I edged my way around the receptionist’s desk but was stopped by a hand on my shoulder. It was Sugars. He was in his shirtsleeves with hair hanging over his forehead in a contrived Bobby Kennedy style.
“What’re you doing here?” He greeted me like an escapee from a leper colony.
“I’ve got to talk with Sebastian. It’s important.”
“Sebastian’s not here.”
“When’s he coming back?”
“A couple of days. I sent him down to Bakersfield to do some advance work.”
“You?”
“I’m with the national campaign. He’s with the state campaign. That gives me seniority.”
The elevator opened and he moved toward it, a man on his way to important meetings in the executive suites. I moved fast to keep up with him.
“Eppis called,” I told him.
Sugars didn’t respond.
“He may be trying to set you up. Blackmail of some sort.”
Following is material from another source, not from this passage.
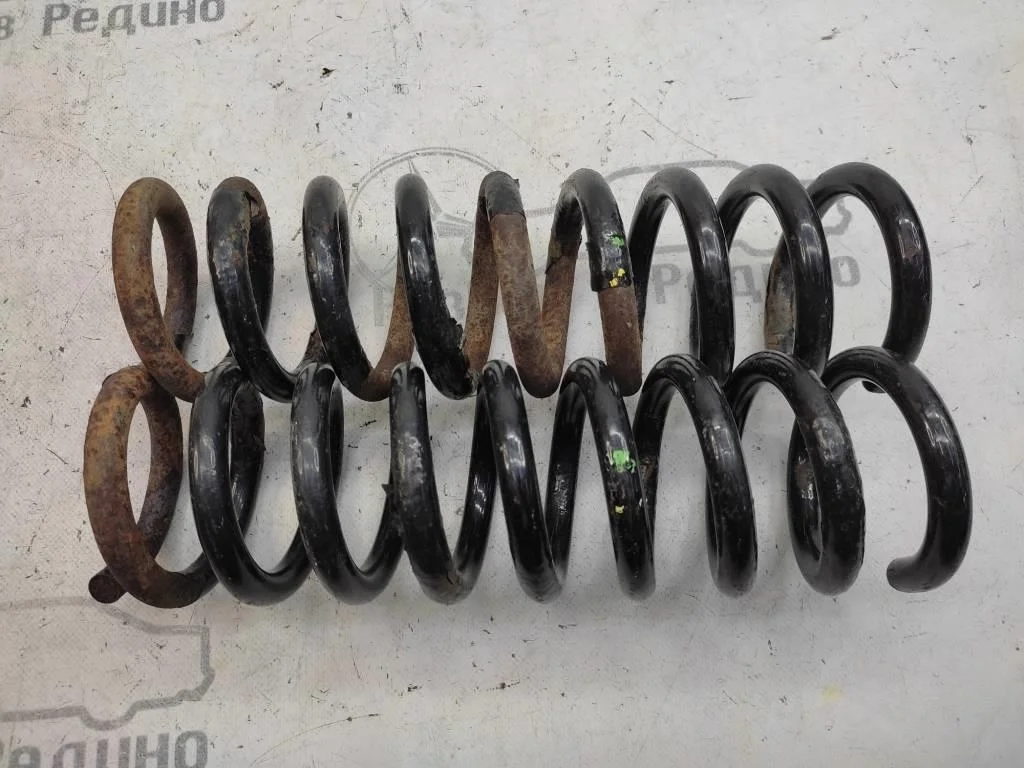 Пружина задняя Mercedes-Benz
He reached the elevator and stopped, blocking the door with his foot.
“Look, Wine, do yourself a favor. If you want to stay on the payroll, keep far away from here. There’s nothing Eppis can do to us now. He’s not big enough. But the police already have your name in connection with a murder and you can smear us good.”
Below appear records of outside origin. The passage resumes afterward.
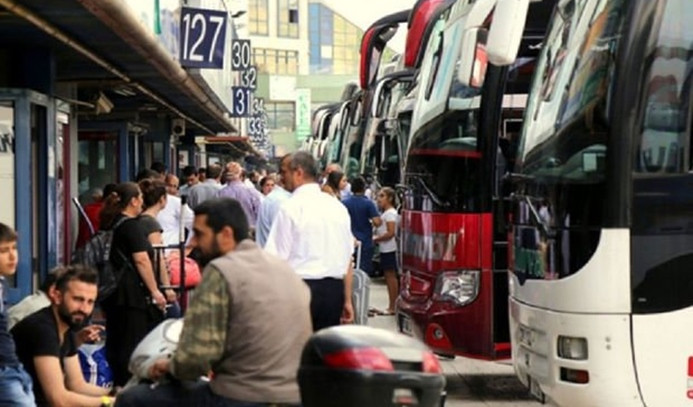 İstanbul'a dönüş biletleri şimdiden tükendi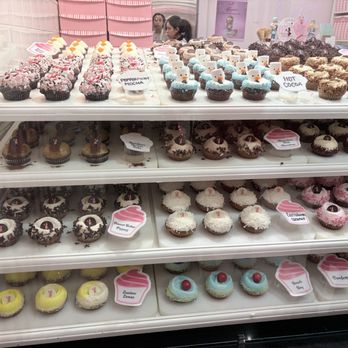 Casey's Cupcakes - Cupcakes Near Me - Riverside, California Casey's Cupcakes - Cupcakes Near Me - Riverside, California
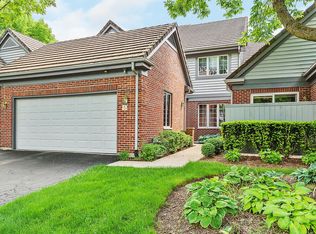 5 Southgate Ct #5, Burr Ridge, IL 60527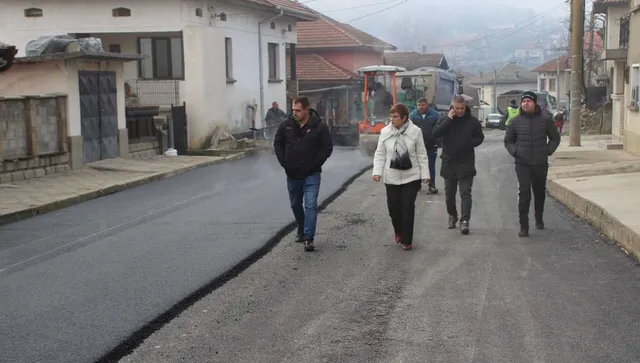 Кметът на Тетевен инспектира асфалтирането на ул. „Георги Бенковски“ в с. Галата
He ducked inside the elevator and pressed the button. In a moment the door closed about his corpulent body. I turned around and stared at a large bulletin board. It contained a bar graph showing the relative strength of the candidates over the last few months according to an unspecified poll. Hawthorne’s popularity was soaring. There was no doubt he would smash Dillworthy. They couldn’t stop him
now, not even if a CBS mobile unit caught him jacking off on the roof of the Union Bank Building with an old Brownie shot of Pat Nixon. Or so it seemed.
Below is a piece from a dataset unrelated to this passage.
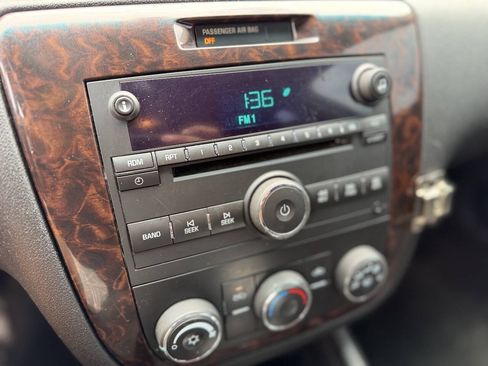 Used 2014 Chevrolet Impala Limited LS FWD image 17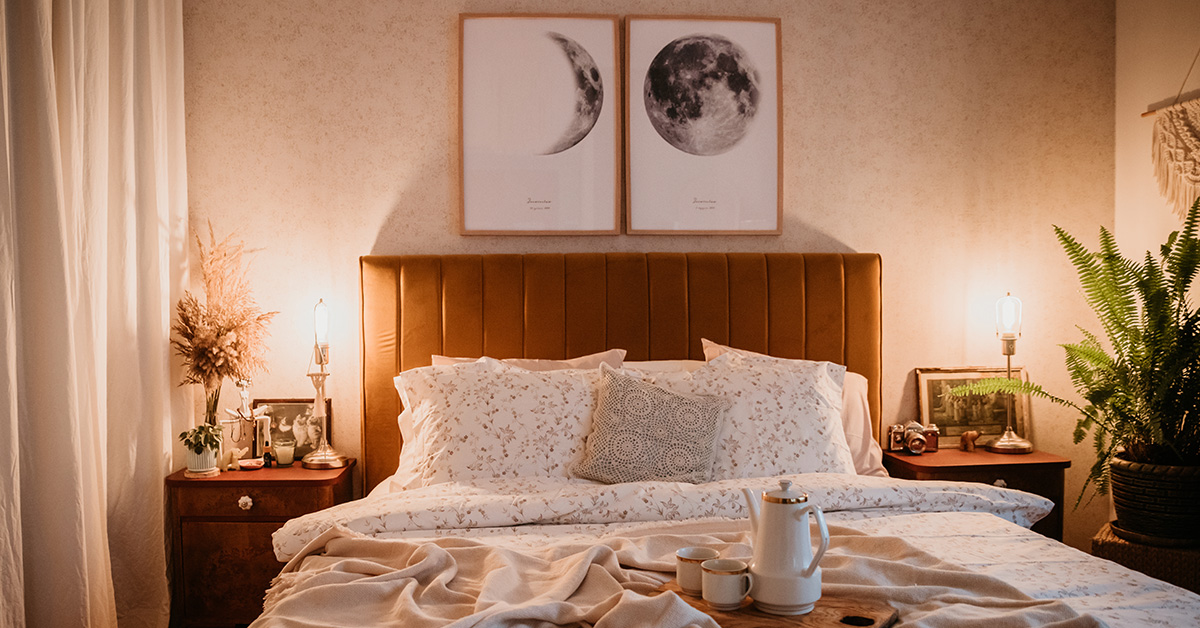 Sypialnia marzeń – co powinno znaleźć się w funkcjonalnej sypialni oprócz tapicerowanego łóżka? Kilka naszych propozycji aranżacji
I walked back through the reception room past walls papered with ecology symbols in pastel colors. The Osmond Brothers came from a loudspeaker at a discreet volume. On my left, the volunteers were seated at long camp tables as busy as ants in one of those glassed-in colonies you buy on television. Strolling idly through the room, I felt out of place, at odds with my environment, the last hold-out for alienation in a world of engaged men.
“Hey . . . just a minute!” A girl stopped me as I tried to walk into the corridor between the county and state headquarters. “You can’t go in there without a pass!”
“Right arm,” I said, holding up my palm like Dave Garroway on the Today show years ago, and walked out of the building.
It was still light when I got back to my car at the Anchors Away! parking lot. I drove out onto Sunset and headed for Venice to have another look at 23 Columbia Drive. Perhaps Eppis’ last words to me were no more than frivolity, but I didn’t have enough leads to be choosy.
I reached the cul-de-sac just as the sky turned pitch dark. Driving around the loop, I was surprised to find that number 23 had been leveled in its entirety. The faded Victorian mansion had disappeared, leaving only a vacant lot with a new sign from Pacific Properties listing its dimensions, 175’ X 115’. I parked around the corer and got out, pausing only to pick my flashlight out of the glove compartment. The street was empty except for the abandoned shell of a Chevy convertible at the far end. Over on the next block I could see the neon sign of a soul food restaurant flashing on and off.
I crossed the street quickly, continuing along the sidewalk past the now-vacant lot to the house with the Venetian blinds. It was pink stucco with a red tile roof and a large metal alarm box that any self-respecting burglar would know was a phony. I rang the buzzer. In a few seconds a dark brown eye appeared in the peephole.